:: What needs to be done ::
Everything in the listing must be repeated exactly, apart from the images.

:: Materials provided ::
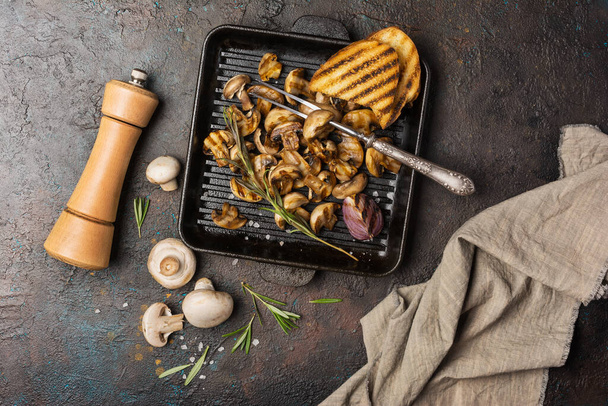 Top view of grilled champignon mushrooms on cast iron skillet or pan with spice, fried onion, rosemary and bread on dark concrete background - Fotó, kép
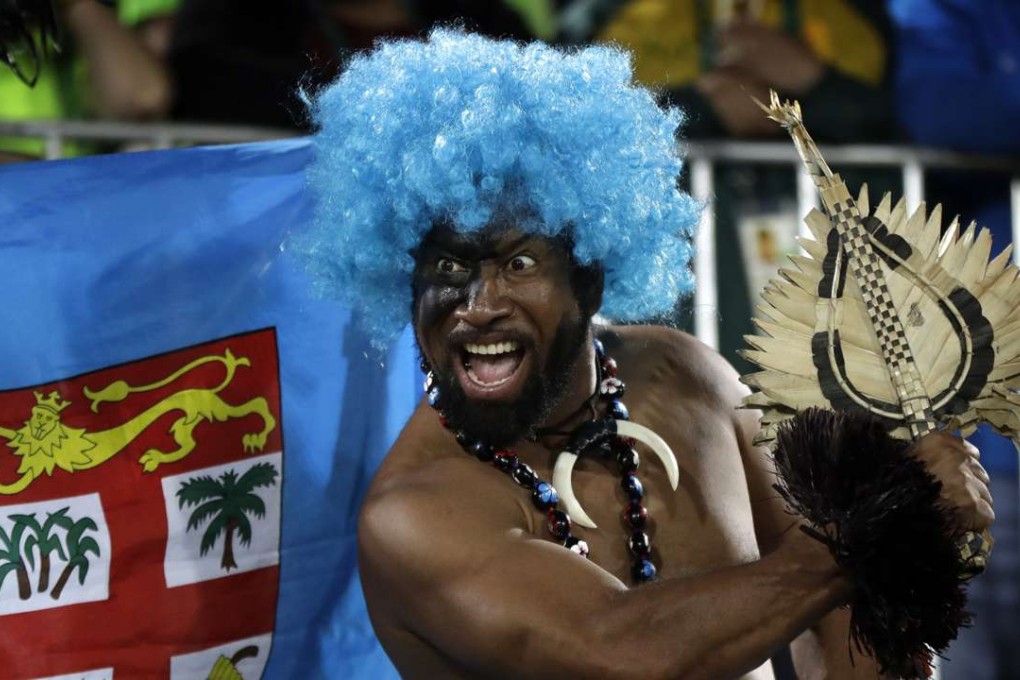 A Fiji fan celebrates his country’s gold medal after a highly successful rugby sevens campaign at the Rio Olympics. Photo: AP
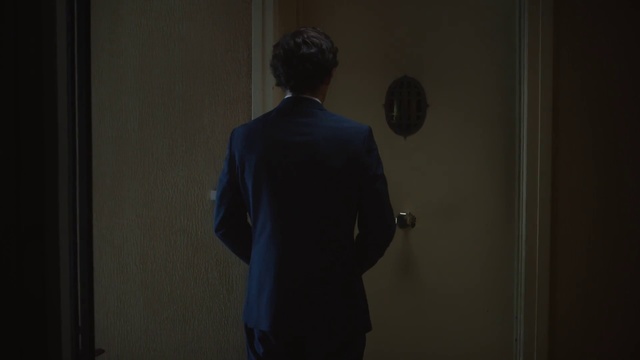 Video Reference: Black, Standing, Suit, Formal wear, Outerwear, Room, Photography, Blazer, Darkness, Door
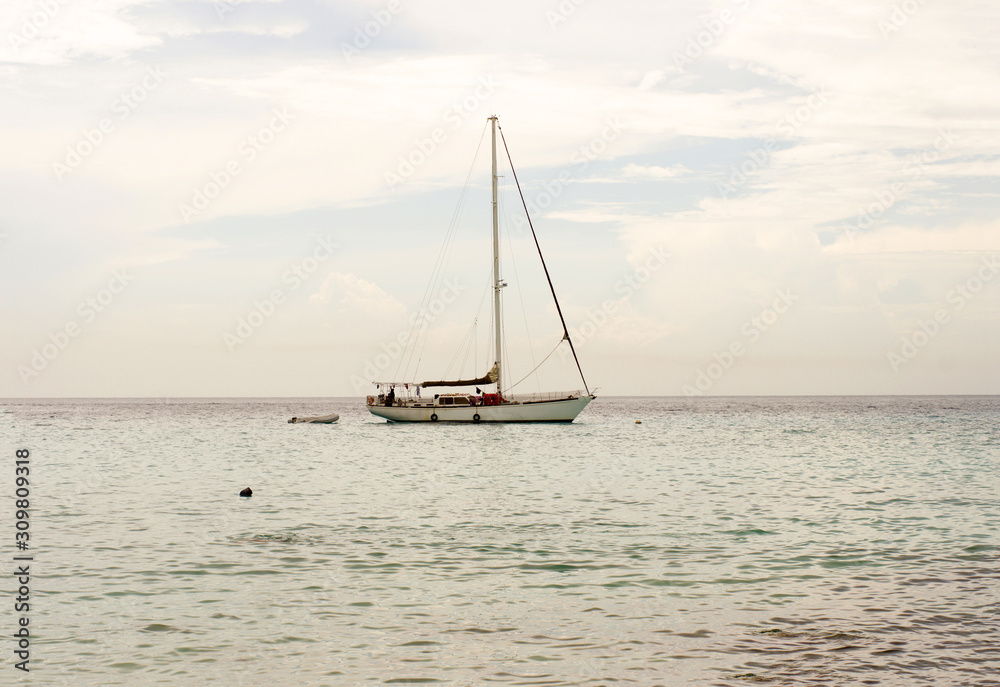 Sailboat in the ocean near Curacao with a cloudy sky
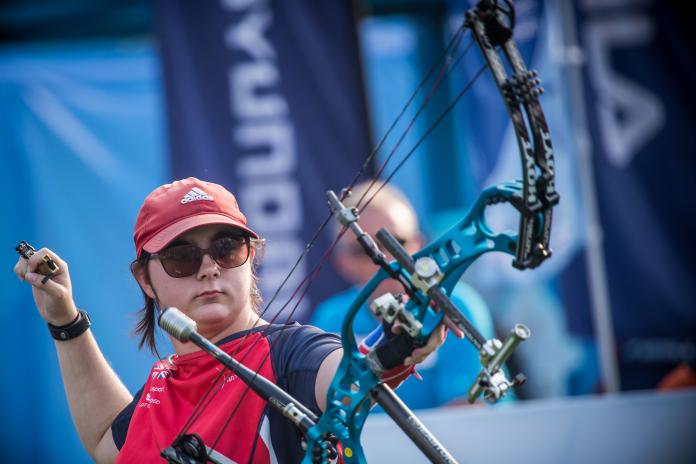 Jessica Stretton wearing glasses and a cap while competing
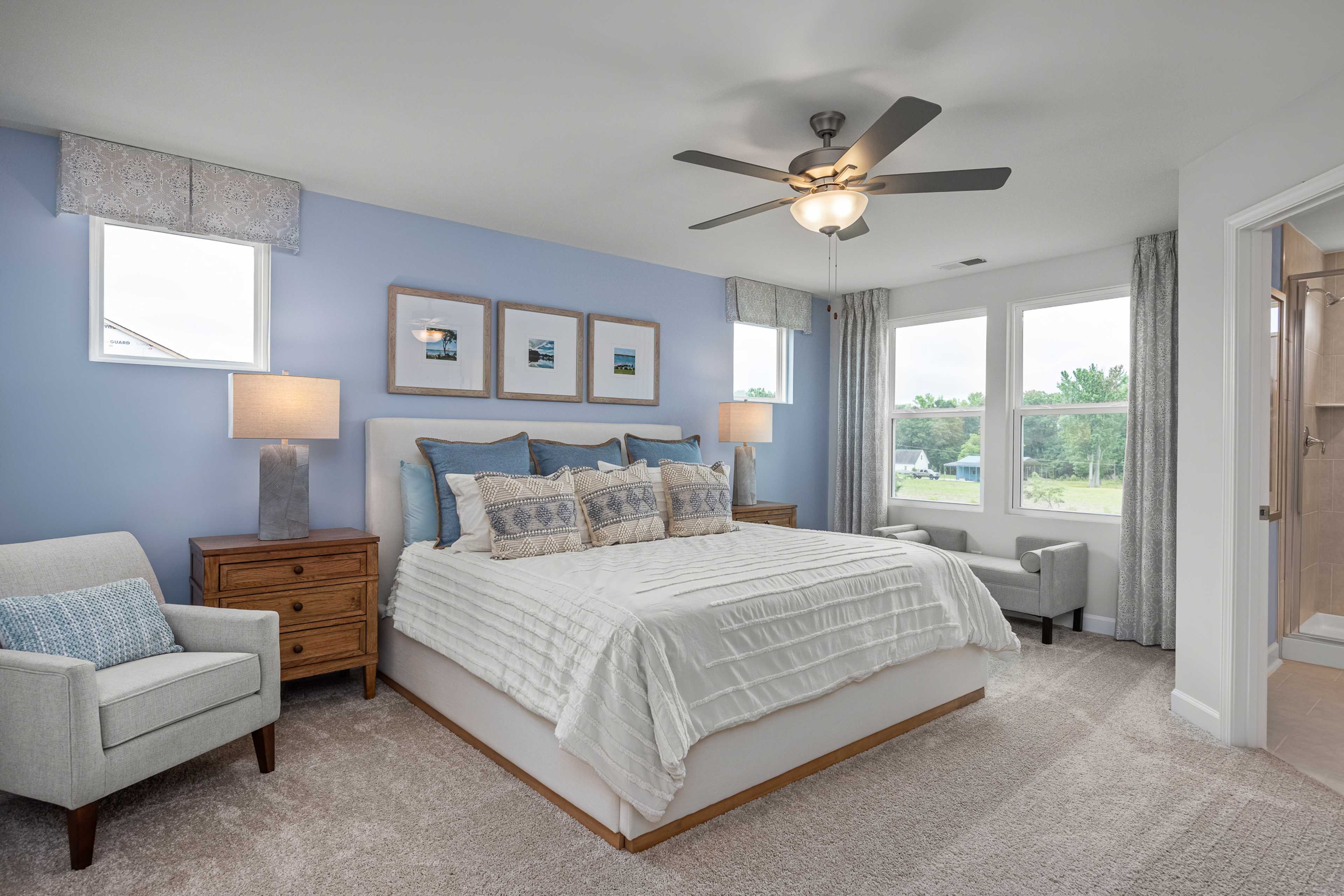 Spacious primary bedroom in Springvale Fuquay-Varina NC with blue walls king bed ceiling fan and large windows by Davidson Homes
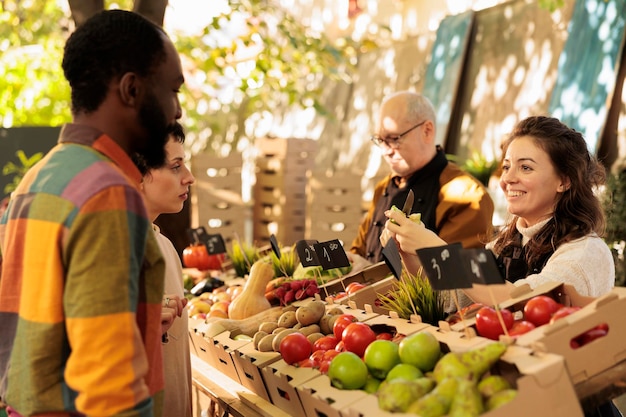 Photo young multiracial couple man and woman buying fresh organic produce at farmers market. smiling local female vendor standing behind fruit and vegetable stand offering customers to try apple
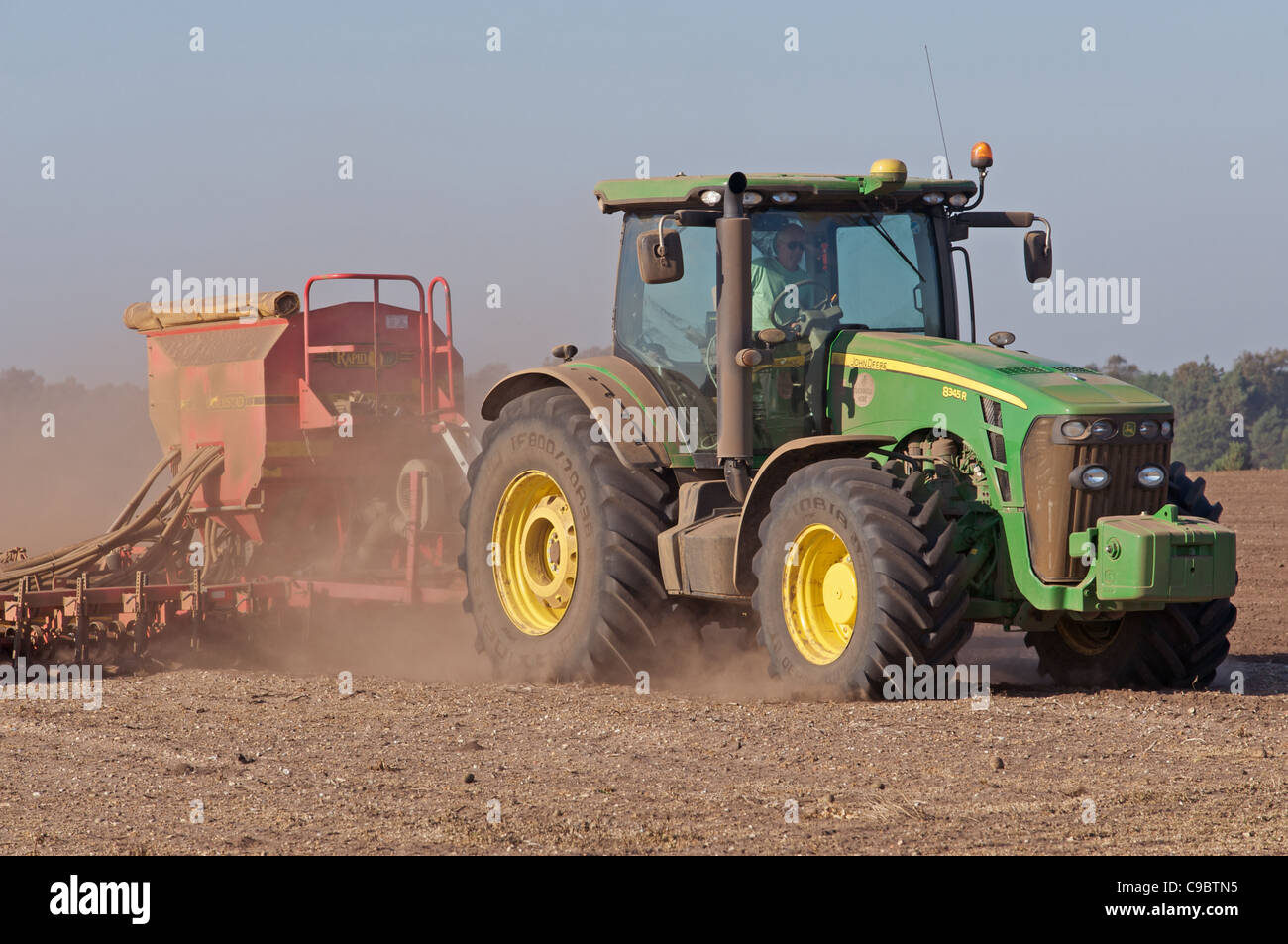John Deere 8345R tracteur avec semoir Vaderstad couture l'orge d'hiver sur les terres sèches et poussiéreuses, Sutton, Suffolk, UK. Banque D'Images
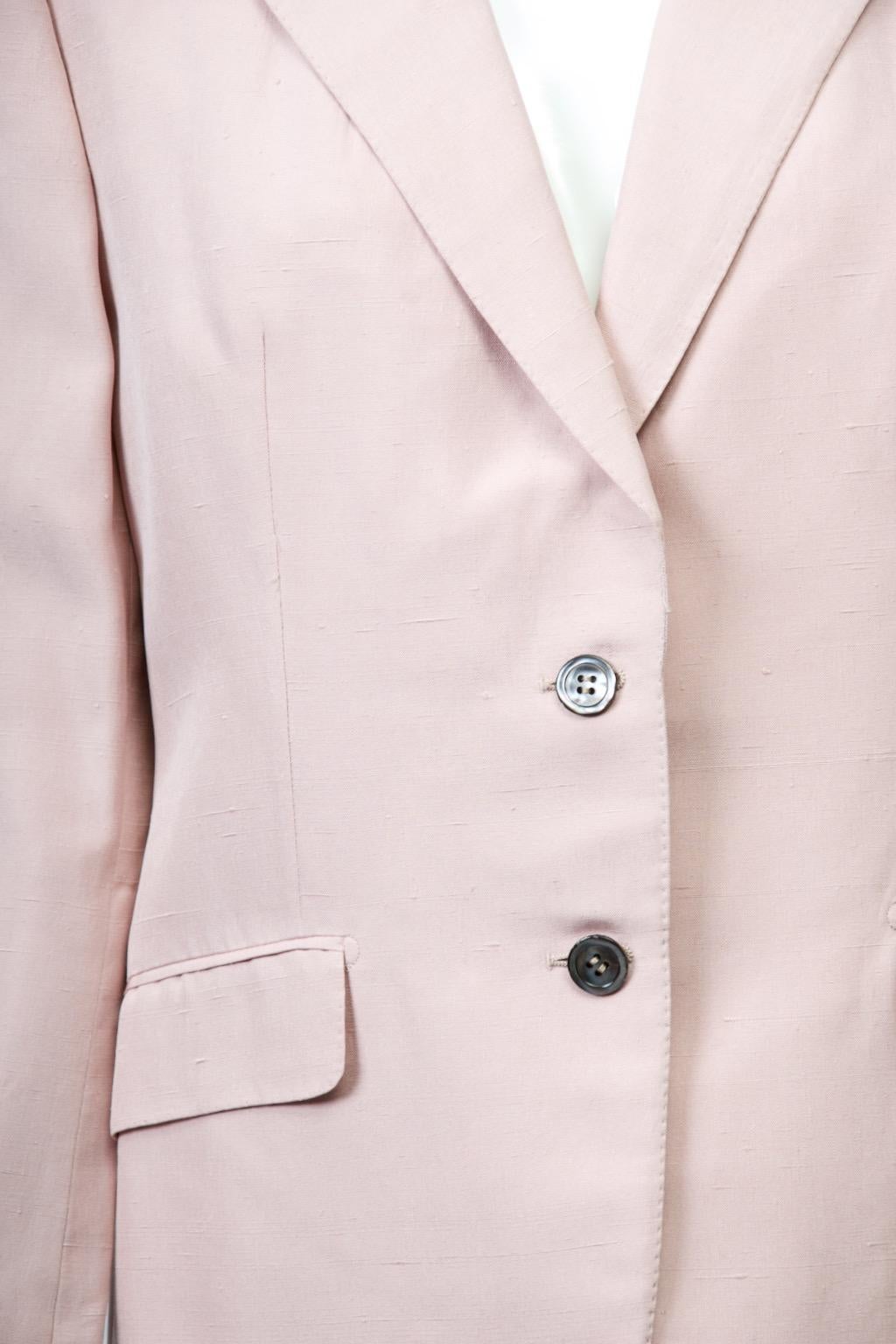 Giacca stile blazer di Burberry in seta rosa, con colletto dentellato e due tasche con patta. I bottoni di perle grigi sul davanti e sui polsini delle maniche dritte offrono un piacevole contrasto.  Cuciture delicate davanti e dietro. Fodera di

:: Expected answer ::
 Top view of grilled champignon mushrooms on cast iron skillet or pan with spice, fried onion, rosemary and bread on dark concrete background - Fotó, kép
 A Fiji fan celebrates his country’s gold medal after a highly successful rugby sevens campaign at the Rio Olympics. Photo: AP
 Video Reference: Black, Standing, Suit, Formal wear, Outerwear, Room, Photography, Blazer, Darkness, Door
 Sailboat in the ocean near Curacao with a cloudy sky
 Jessica Stretton wearing glasses and a cap while competing
 Spacious primary bedroom in Springvale Fuquay-Varina NC with blue walls king bed ceiling fan and large windows by Davidson Homes
 Photo young multiracial couple man and woman buying fresh organic produce at farmers market. smiling local female vendor standing behind fruit and vegetable stand offering customers to try apple
John Deere 8345R tracteur avec semoir Vaderstad couture l'orge d'hiver sur les terres sèches et poussiéreuses, Sutton, Suffolk, UK. Banque D'Images
 Giacca stile blazer di Burberry in seta rosa, con colletto dentellato e due tasche con patta. I bottoni di perle grigi sul davanti e sui polsini delle maniche dritte offrono un piacevole contrasto.  Cuciture delicate davanti e dietro. Fodera di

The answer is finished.